▸ **Problem**: Copy the lines below exactly. No picture goes into the copy.

▸ **Records provided**:
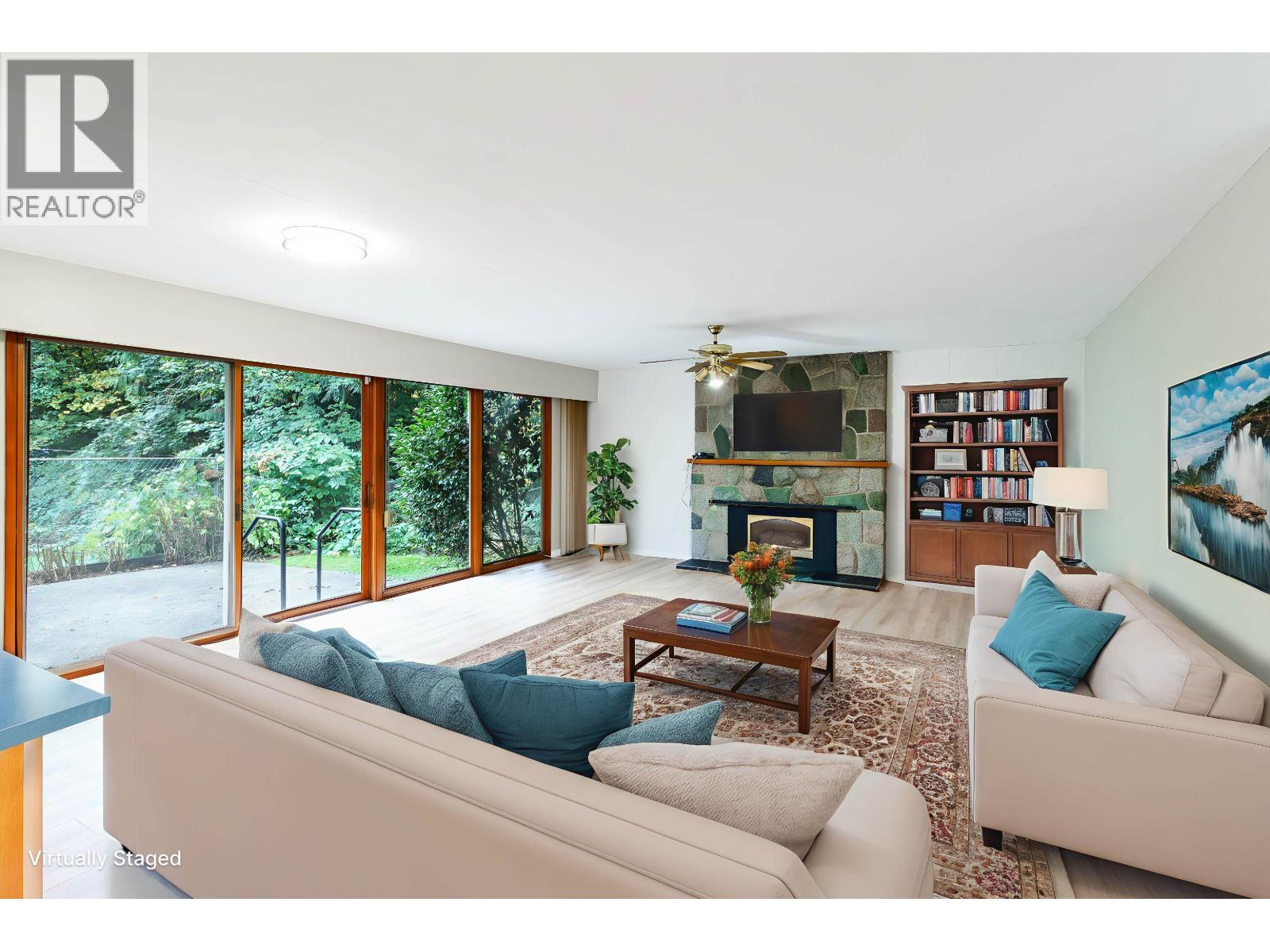 21254 117 Avenue, Maple Ridge, British Columbia  V2X 2H4 - Photo 3 - R3062648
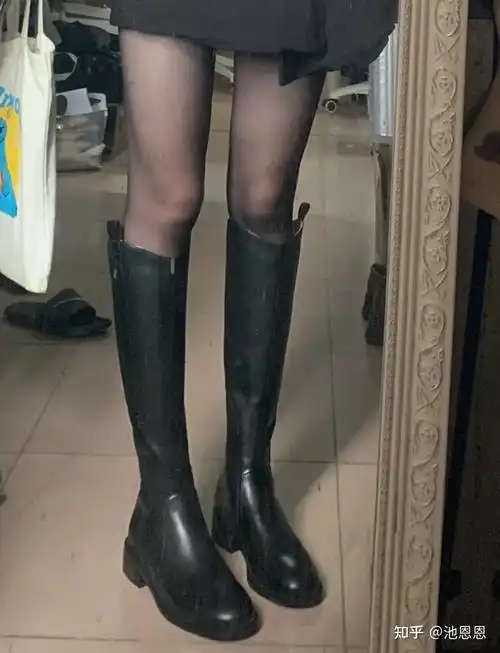 女生穿丝袜配靴子脚会臭吗? - 知乎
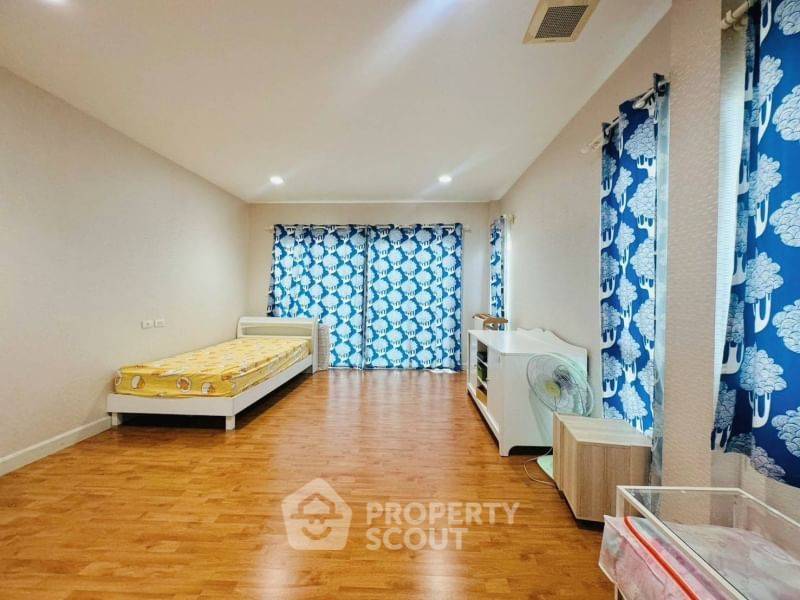 picture 3-BR House at Bangkok Boulevard Teparak-Wongwaen in Thepharak (ID 2150264) - 6/10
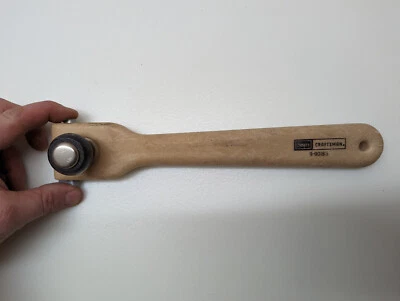 Raspador artesanal vintage #9016 - hoja de 2 1/2" con mango de madera Foto 1 de 4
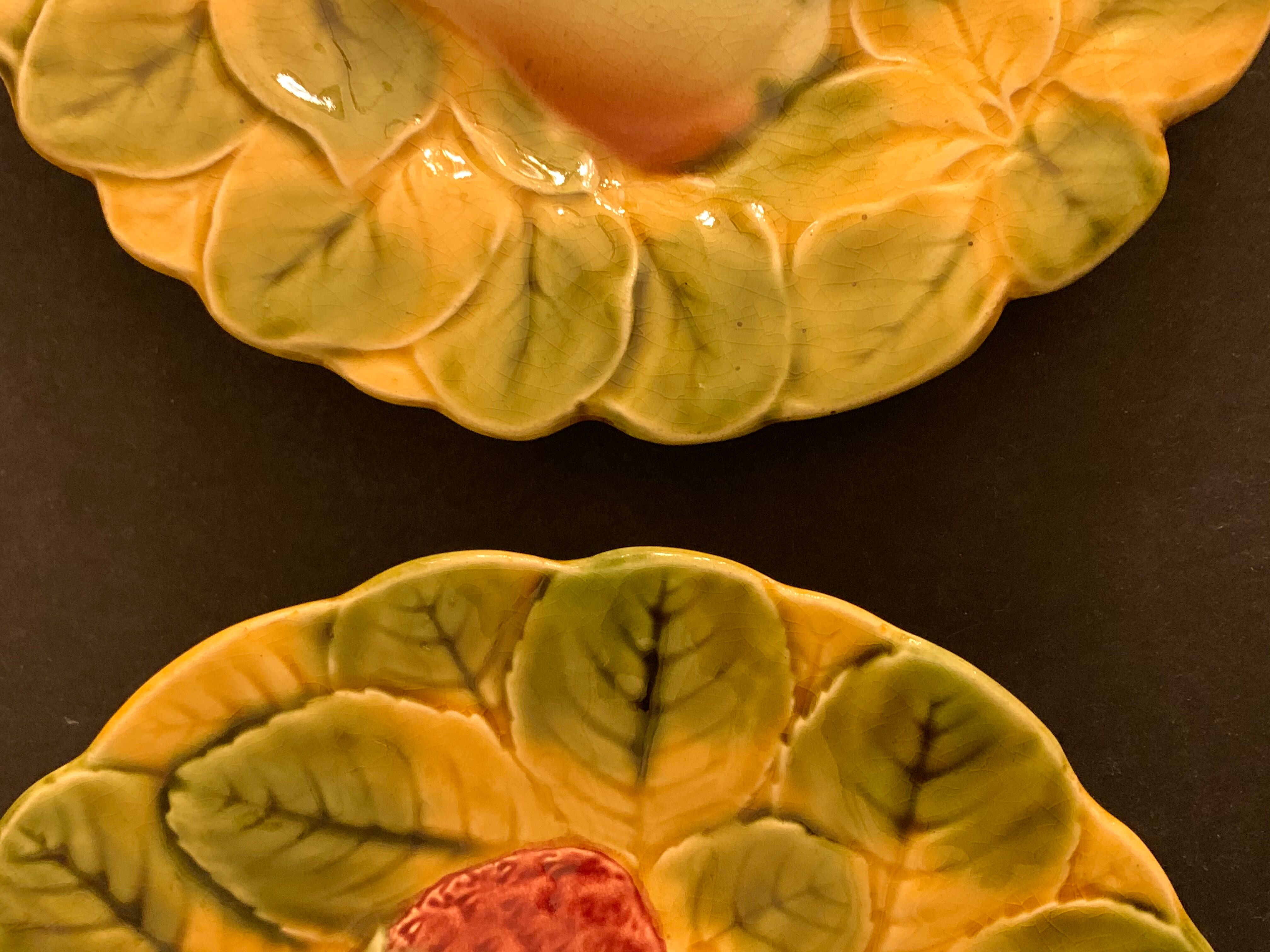 2 dessert plates in Sarreguemines fruit, strawberries and pears, early 19th century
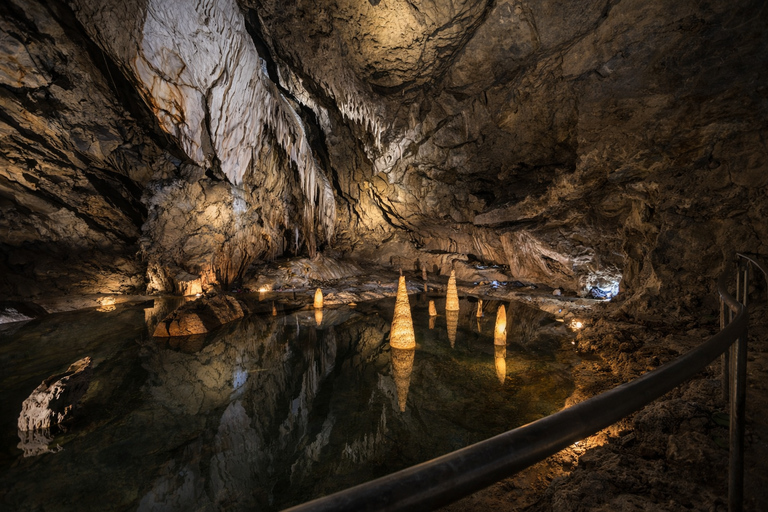 Zakopane: Day Trip with Belianska Cave & Waterfalls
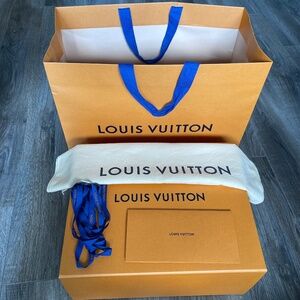 LOUIS VUITTON Authentic Extra Large Shopping Bag, Gift Box, Dust Bag, Ribbon,etc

▸ **Solution for this problem**:
 21254 117 Avenue, Maple Ridge, British Columbia  V2X 2H4 - Photo 3 - R3062648
 女生穿丝袜配靴子脚会臭吗? - 知乎
 picture 3-BR House at Bangkok Boulevard Teparak-Wongwaen in Thepharak (ID 2150264) - 6/10
 Raspador artesanal vintage #9016 - hoja de 2 1/2" con mango de madera Foto 1 de 4
 2 dessert plates in Sarreguemines fruit, strawberries and pears, early 19th century
 Zakopane: Day Trip with Belianska Cave & Waterfalls
 LOUIS VUITTON Authentic Extra Large Shopping Bag, Gift Box, Dust Bag, Ribbon,etc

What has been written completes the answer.